Below is my experience and journey with my deafness, and how I found my Deafness. If you would like to skip that, I got you. The explanation will be in bold “deaf vs Deaf” near the bottom.
I was born deaf. I have mondini dysplasia which is a malformation in the inner ear. Basically, the cochlea never fully developed. We also don’t know why, which basically makes me cool as hell since I am a complete mystery. Who knew, that this little cochlea, would shape and define my entire life.
I was fortunate enough to have a family that, initially was shocked and scared when the doctor said “your daughter will never live a normal life,”… was ultimately very open and receptive to the deaf community. They learned sign language and allowed me to chose. Of course I signed, but as I got older and a little more self aware in elementary school… I wanted to speak. I had an… awful teacher for the deaf at my elementary school. (One time in kindergarten I believe, we were given an assignment of coloring inside the lines of this turtle. I, the creative genius I am, wanted to draw waves under the turtle. She took my drawing, yelled at me and called my parents for ‘not listening to directions. Yeah.) My stubbornness hated feeling limited by my deafness and inability to speak when all my peers could. This would lead to me drifting away from the deaf community entirely and never being around another deaf person until high school.
Middle school was probably the most difficult period of my life. Everyone of course struggles with their awkward years of puberty, crushes, identity, and kissing… For me though, I was the only deaf person in my entire middle school. My ability to speak clearly made people ‘forget’ that I am deaf, and treated me as such. I was interested in sports and music. I learned cello, and honestly did very well at it, even getting section leader. But the common denominator for why I was so miserable and insecure was… my deafness.

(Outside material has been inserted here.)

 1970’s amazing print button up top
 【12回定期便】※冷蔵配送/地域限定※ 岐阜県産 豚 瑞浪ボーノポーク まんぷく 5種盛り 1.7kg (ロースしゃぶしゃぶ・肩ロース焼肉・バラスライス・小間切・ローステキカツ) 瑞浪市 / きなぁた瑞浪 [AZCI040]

I covered my hearing aids with my hair. I refused to use interpreters or microphones. I refused any help, anything that made me stand out as ‘the deaf girl’. I felt incredibly lonely, as everyone spoke so fast and I could not follow. I was seen as the quiet, shy, deaf girl. People had no idea how much I loved to speak and joke around too, but when you can’t follow the conversation, how can I join? I was deeply depressed and anxious because of my hearing loss, and my self identity was completely utterly skewed. I hated my deafness, I blamed it for everything.
Freshman year of high school came. On my first day, in my first class, I saw (who would eventually become my absolute best friend) two girls signing wearing hearing aids using an interpreter. I felt floored. I don’t remember if I came up to them at all, but I remember the thought consuming me: …I’m deaf too.

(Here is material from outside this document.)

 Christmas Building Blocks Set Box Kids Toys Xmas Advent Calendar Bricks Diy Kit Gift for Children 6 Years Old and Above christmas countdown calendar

Except I still identified and saw myself as hard of hearing, not deaf. I always said I was hard of hearing, because saying deaf made me feel like I was limiting or hurting myself.

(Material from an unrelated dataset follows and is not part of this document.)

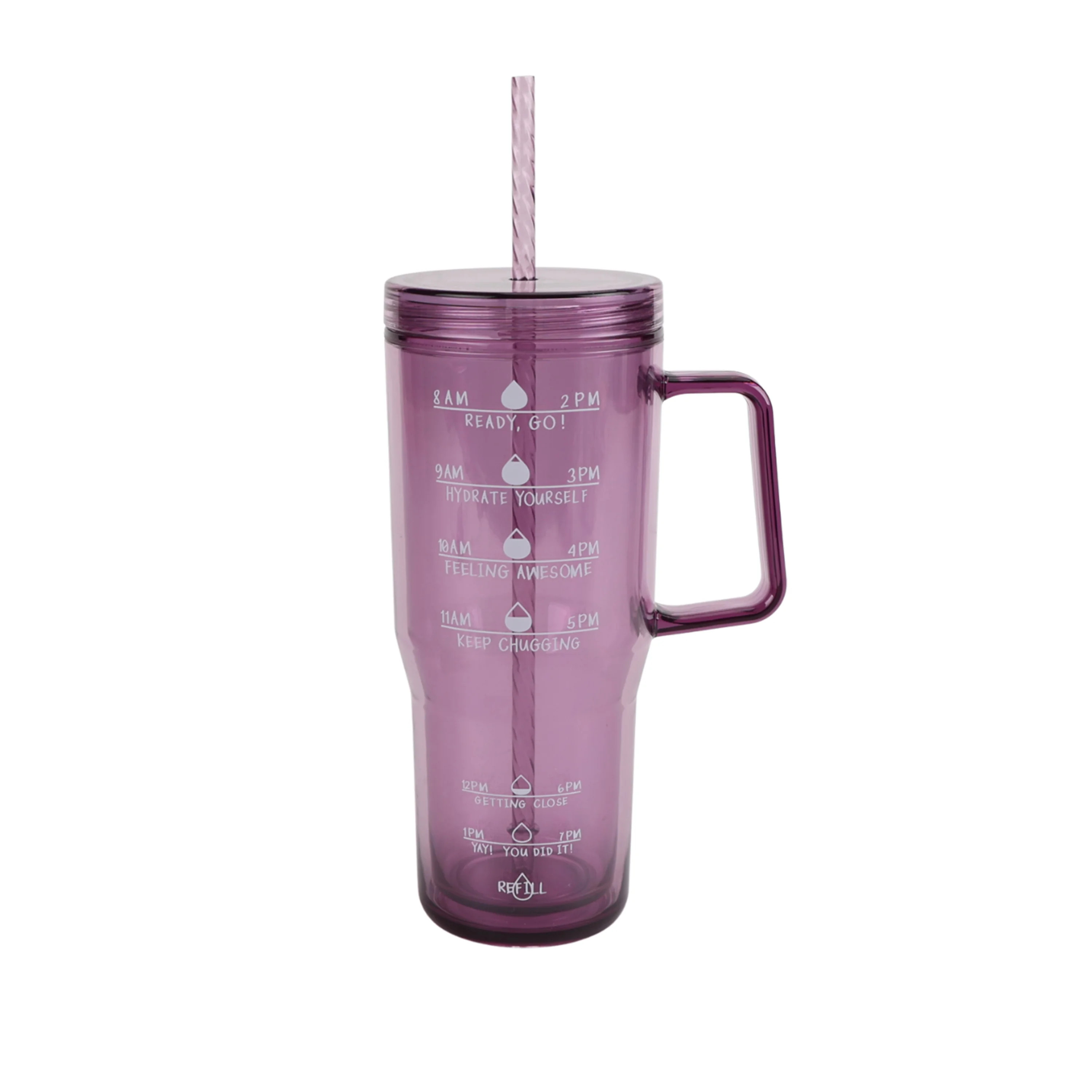Mainstays 30 Ounce Plastic Tumbler with Handle, Purple | Walmart (US)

When I graduated high school, my favorite interpreter said I started so awkward and shy girl and devoid of any deaf identity… and ended a confident and proud Deaf woman. I became proud being the Deaf girl who was section leader of cellos, the Deaf girl in my classes, and sports. My deafness is a part of me, but it does not limit me like society likes to push that idea into my head.
Deafness is a tragedy to so many. Deafness is a handicap. Deaf people will never live a normal life. Deafness needs to be fixed. These were all things I was told by the world and believed. I am now Deaf CSUNian’s president, an active member of the deaf community, and a huge deaf activist and supporter. I am studying psychology so I can help deaf people.
If you are a deaf person reading this, I would love for you to reach out to me and share your story.
So, what is deaf and Deaf?
This website explains it clearly, but this is what I understand it to be.
Many people, I think, do not understand the difference between hard of hearing, deaf, and Deaf. It’s understandable, I know many people will groan and say “you’re just hearing impaired, stop trying to make it deeper than it is.” I would have said the same thing in my teenage years.
Hard of Hearing: This is probably the most difficult one to explain, out of these three. Typically it means not involved with the deaf community, but the person still can be. It is usually tied to whether or not a person can hear with hearing aids. It can mean:
- A person who needs hearing aids due to aging… i.e. your grandma or grandpa.
- A person who (like my story above) did not want to acknowledge that they are deaf, and is not involved with the deaf community.
- A Deaf person can still say they are hard of hearing, if they wear hearing aids.
deaf: The official term for someone who has a hearing loss to a degree where they cannot hear as a hearing person would.
*People who identify as deaf, typically are not involved with the deaf community.
Deaf: This is strictly an identity and cultural term. This is someone who is involved with the deaf community and accepts their deafness. They find pride in the communities culture, language, history, and people.